Nei loro film si annusa sempre un po’ di quell’aura filosofica ed insieme profondamente cinefila, capace di conferire ad ogni loro lavoro un differente livello di lettura. Questa impostazione intellettualistica, però, è costantemente dissimulata da un’ironia di fondo, in grado di sfociare spesso in un “nonsense”, a volte confinante con l’assurdo.
Sin dall’infanzia, i due fratelli hanno vissuto un’irrefrenabile passione per il cinema: si narra che, con i primi risparmi, acquistarono una videocamera con cui, molto spesso, si dilettavano a riprodurre dei film che passavano sul piccolo schermo.
Nel 1987 i Coen scrivono e dirigono “Arizona Junior”, incentrato sulla vicenda di un’originalissima coppia – formata dalle “future star” Nicolas Cage e Holly Hunter – che fa di tutto per avere un bambino.
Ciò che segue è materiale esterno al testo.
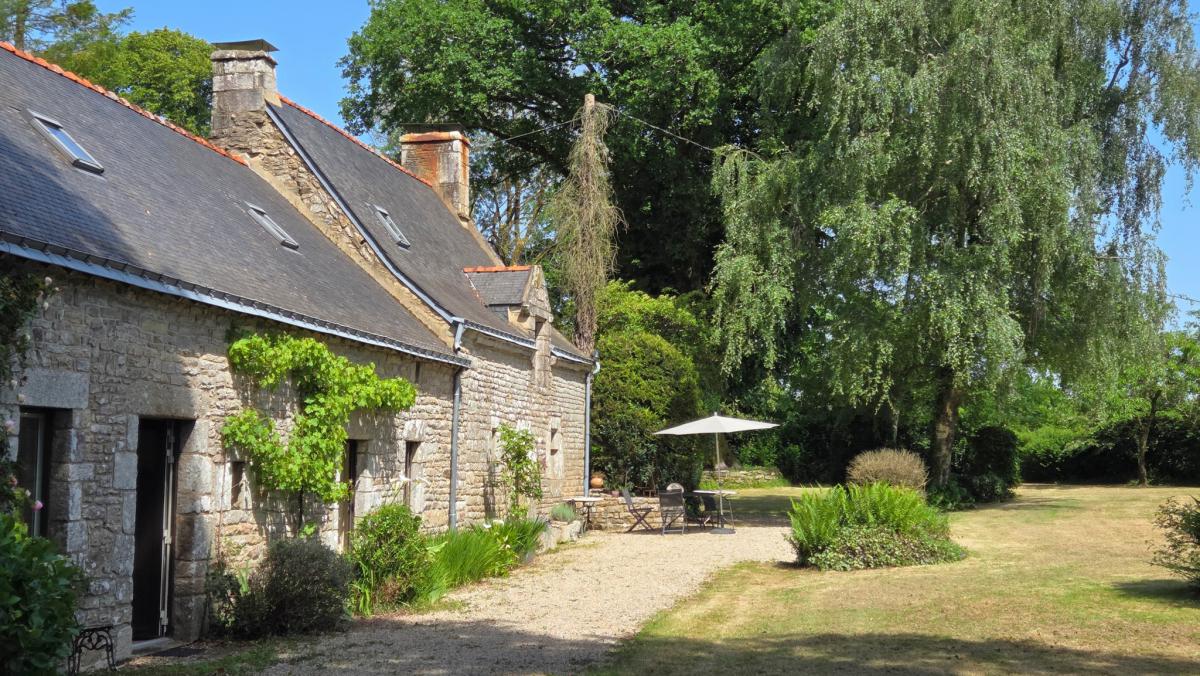 Campagne propriété deux longères parc 1 Ha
A inizio degli anni Novanta esce la loro terza fatica “Crocevia della morte”, ispirata da alcuni racconti di Dashiell Hammett.
Il primo grande successo è però rappresentato da “Barton Fink” (1991), film ambientato nell’America degli anni Quaranta: la critica li loda all’unanimità (o quasi) e la pellicola, oltre ad ottenere candidature agli Oscar, vince la Palma d’Oro al Festival di Cannes.
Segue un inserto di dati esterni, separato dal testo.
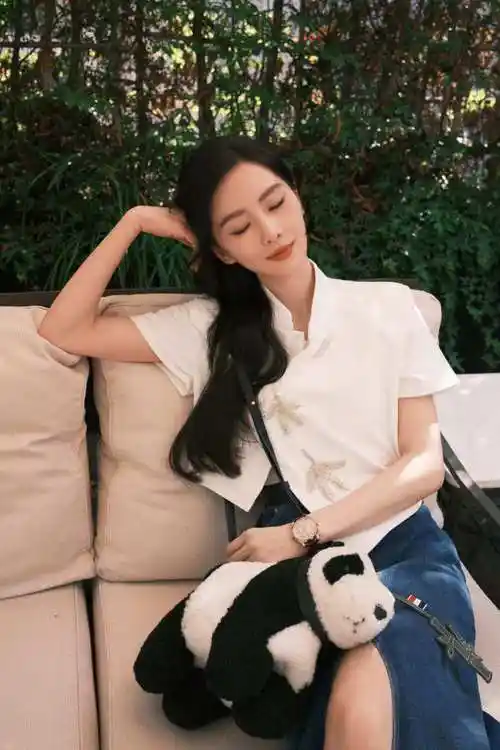 刘诗诗奥运证件照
Nel 1994 esce nelle sale “Mister Hula Hoop”, ma decisamente più riuscito è il film successivo, “Fargo” (1996), thriller glaciale che ottiene due meritatissimi Premi Oscar: miglior attrice protagonista (Frances McDormand, nella vita moglie di Joel) e miglior sceneggiatura originale.
La successiva pellicola, “Il grande Lebowski” (1998), ottiene i favori della critica ma soprattutto del pubblico: in pochi mesi, grazie al passaparola, diventa un vero e proprio fenomeno di culto, facendo leva sulla straordinaria (quasi leggendaria a dire il vero) interpretazione di Jeff Bridges.
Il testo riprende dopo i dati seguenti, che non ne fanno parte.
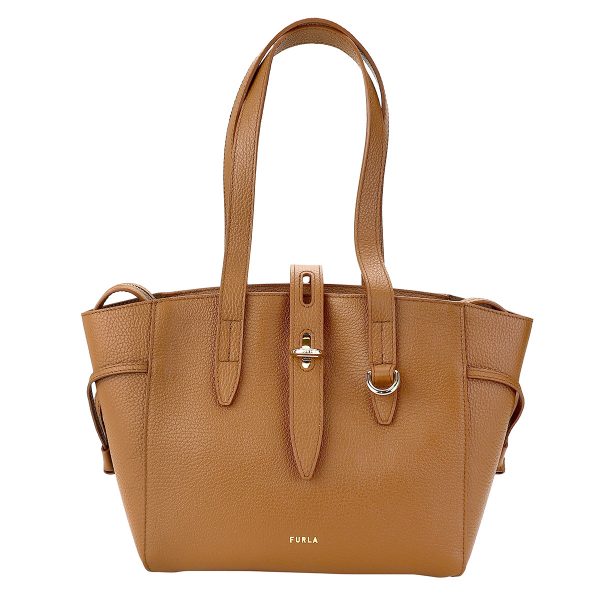 gfuzwb009525947 1 Furla Net Tote Bag Brown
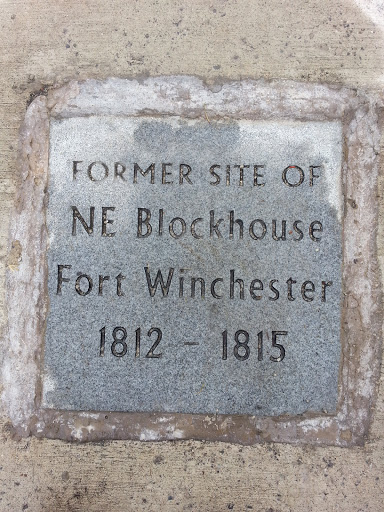 Former Site of NE Blockhouse Ft. Winchester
Inizia poi una breve – ma non del tutto soddisfacente – parentesi “Hollywoodiana”. I film “Prima ti sposo, poi ti rovino” (2003) e “Ladykillers” (2004), girati in questo periodo, vengono accolti abbastanza freddamente dalla critica: la vera “anima” dei Coen rimane spesso relegata sullo sfondo, incapace di fuoruscire dai rigidi e limitanti meccanismi dello star system (si rammenta che i protagonisti dei due film erano, rispettivamente, George Clooney e Tom Hanks).
Ma i fratelli Coen sono tutt’altro che in declino. Nel 2007, infatti, girano quello che è considerato il loro capolavoro: “Non è un paese per vecchi”, tratto da un bellissimo romanzo di Cormac McCarthy. Il film, oltre a diventare un grande successo ai botteghini, ottiene buone valutazioni dai critici e nella notte degli Oscar si aggiudica ben quattro statuette (tra cui quella di miglior film).
Nel 2010 esce nelle sale “Il Grinta”, remake di un celebre western interpretato da John Wayne. La loro ultima fatica è rappresentata da “A proposito Davis”, presentato al Festival di Cannes 2013, che ottiene l’ennesima nomination agli Oscar.
Che dire? Dopo questo rapido excursus nella carriera di Joel ed Ethan Coen, scorrendo rapidamente la lista dei loro film, non resta altro da fare che sottolineare l’importanza di questi due fratelli statunitensi che, nel giro di pochi anni, hanno rivoluzionato la maniera di fare cinema. In un panorama artistico ormai “sclerotizzato”, capace di muoversi solo col pilota automatico, il loro talento e la loro capacità di osare – uniti ad una solida impostazione cinefila – hanno profondamente rinnovato il cinema d’oltreoceano, portandolo a livelli di eccellenza. Il loro profondo afflato autoriale, fortemente connesso alla tradizione dei classici hollywoodiani, ci ha regalato film meravigliosi, destinati a rimanere nella memoria, grazie alla loro capacità di soddisfare il palato dei critici e, allo stesso tempo, di garantirsi il favore del grande pubblico.